Hammered Out

Turnage
Hammered Out [BBC co-commission with Los Angeles Philharmonic: world premiere]
Barber
Violin Concerto, Op.14
Sibelius
Symphony No.2 in D, Op.43

Gil Shaham (violin)

BBC Symphony Orchestra
David Robertson


Reviewed by: David Gutman

Reviewed: 26 August, 2010
Venue: Royal Albert Hall, London

Gil Shaham. Photograph: Christian SteinerIn a season peppered with cancellations, David Robertson was always scheduled to appear twice. Gil Shaham will now be doing the same, an illustrious cover for the indisposed Lisa Batiashvili in Berg’s Violin Concerto for Osmo Vänskä two days from this concert.

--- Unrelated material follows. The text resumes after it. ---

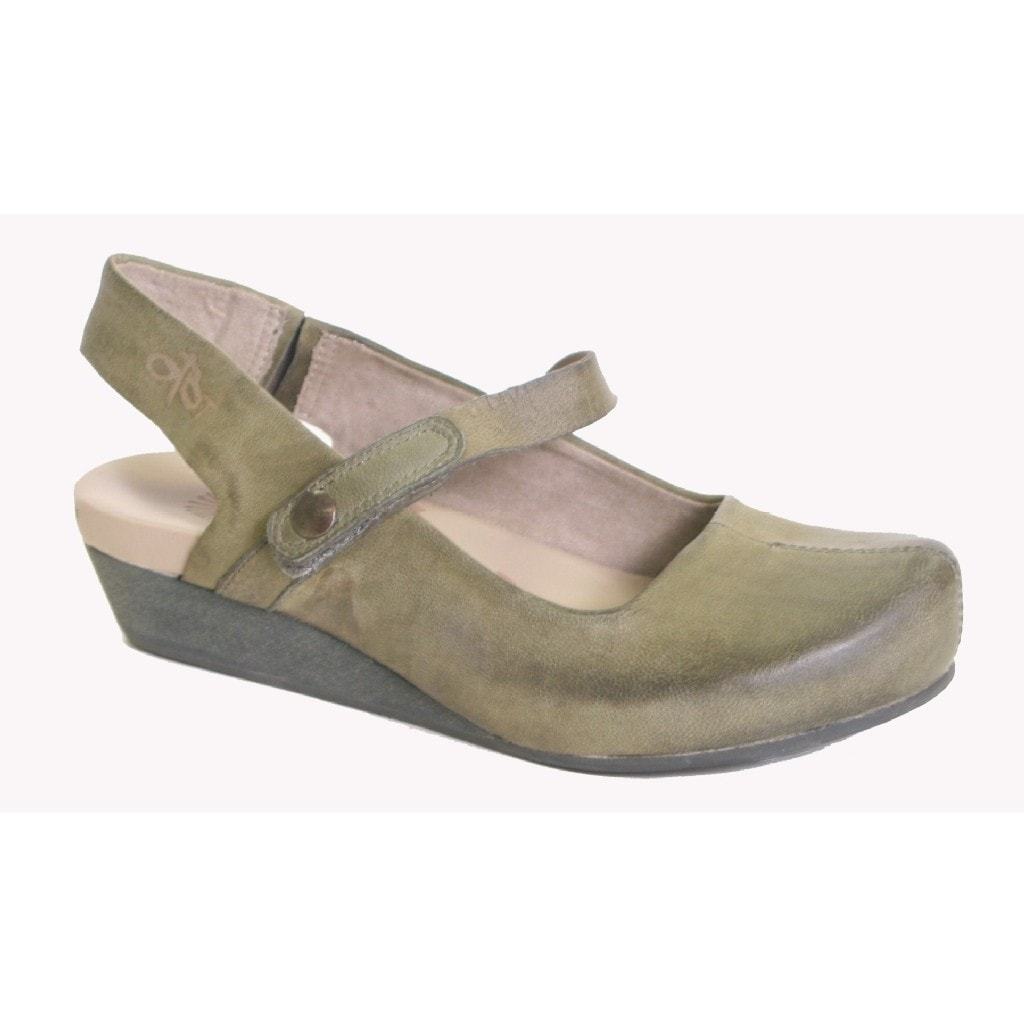 otbt closed toe wedges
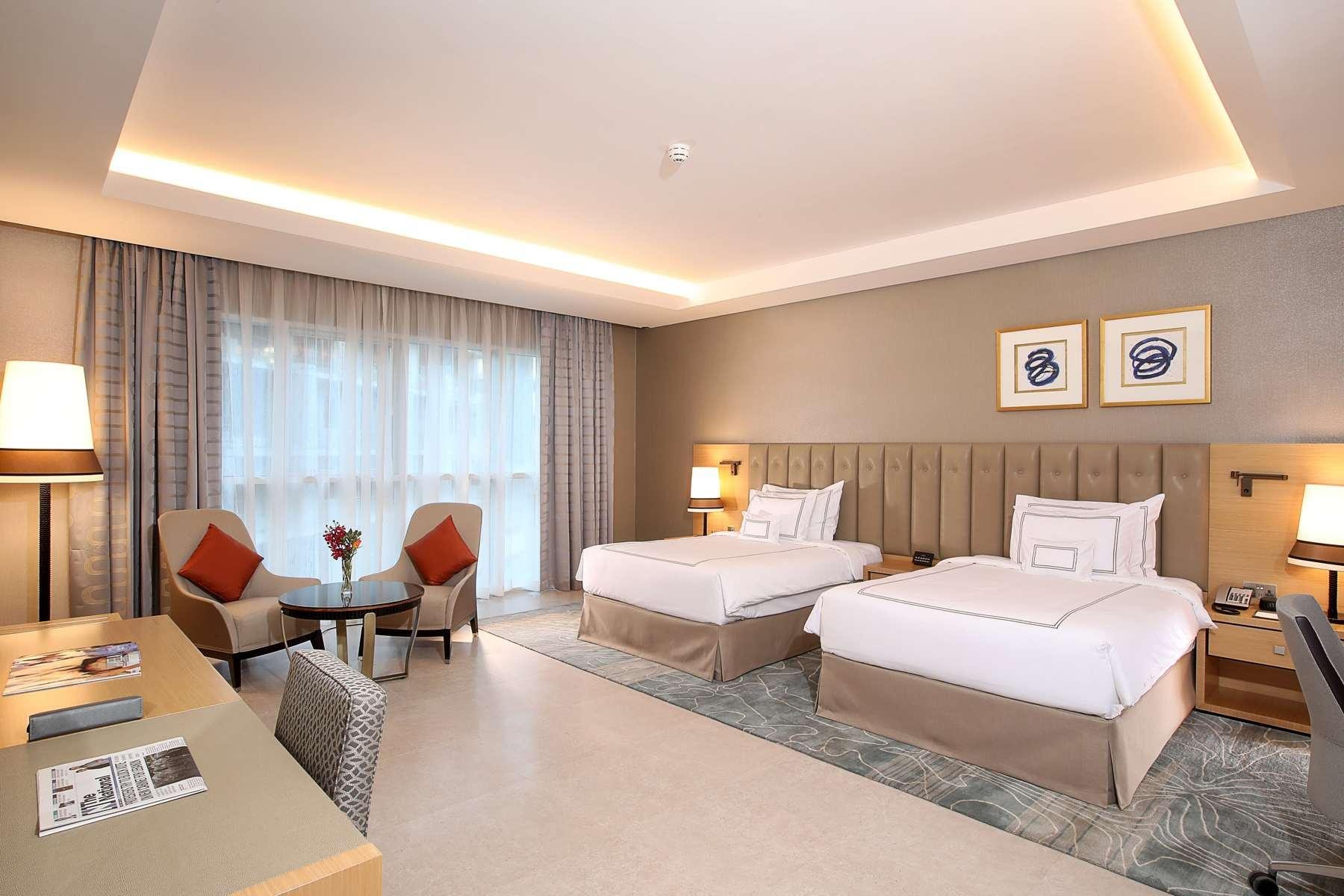 Grand Cosmopolitan Hotel 4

Shaham, whose Wunderkind years were documented by Deutsche Grammophon, now has his own record label and there is something determinedly individualistic about his generous old-school playing. Intonation can be a problem but he is rarely satisfied with the squeaky-clean efficiency which so often passes muster these days. His approach to the slow movement of the Barber was typically wide-ranging in terms of speed and dynamic, sometimes leaving his brother-in-law’s band struggling to match him. The principal oboe delivered the beautiful main theme in fine style but should not Barber have given this idea to his soloist in a higher register? If the finale disappointed, again that was scarcely the performers’ fault. The work is a tender flower of which more anon. The near-capacity crowd thought it appropriate to clap between movements even so (Shaham rightly treating this as a joke I think) and were rewarded with an extra, the familiar ‘Gavotte en rondeau’ from Bach’s E major Partita (BWV1006).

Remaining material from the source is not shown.